Abstract

Large-scale metabolomics studies involving thousands of samples present multiple challenges in data analysis, particularly when an untargeted platform is used. Studies with multiple cohorts and analysis platforms exacerbate existing problems such as peak alignment and normalization. Therefore, there is a need for robust processing pipelines that can ensure reliable data for statistical analysis. The COMBI-BIO project incorporates serum from ∼8000 individuals, in three cohorts, profiled by six assays in two phases using both 1H NMR and UPLC-MS. Here we present the COMBI-BIO NMR analysis pipeline and demonstrate its fitness for purpose using representative quality control (QC) samples.

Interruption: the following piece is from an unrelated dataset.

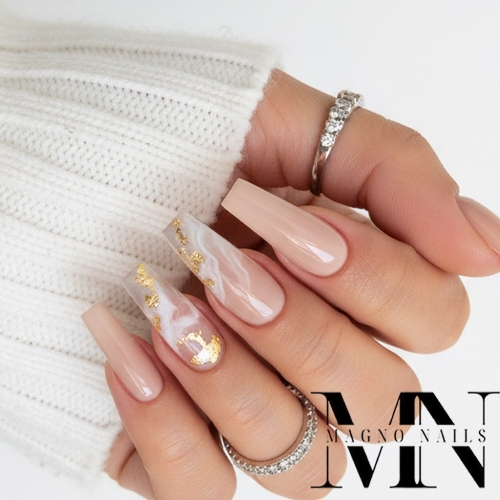 Preview: Marmor Design mit Make Up Gel Peach - Nägel Ideen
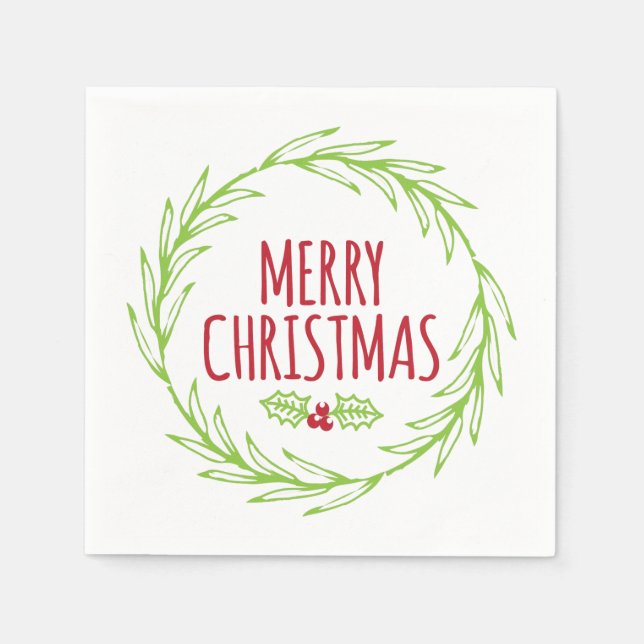 Guardanapo De Papel Feliz Natal Wreath Holiday Napkins (Frente)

NMR spectra were first aligned and normalized. After eliminating interfering signals, outliers identified using Hotelling's T2 were removed and a cohort/phase adjustment was applied, resulting in two NMR data sets (CPMG and NOESY). Alignment of the NMR data was shown to increase the correlation-based alignment quality measure from 0.319 to 0.391 for CPMG and from 0.536 to 0.586 for NOESY, showing that the improvement was present across both large and small peaks. End-to-end quality assessment of the pipeline was achieved using Hotelling's T2 distributions. For CPMG spectra, the interquartile range decreased from 1.425 in raw QC data to 0.679 in processed spectra, while the corresponding change for NOESY spectra was from 0.795 to 0.636, indicating an improvement in precision following processing. PCA indicated that gross phase and cohort differences were no longer present. These results illustrate that the pipeline produces robust and reproducible data, successfully addressing the methodological challenges of this large multifaceted study.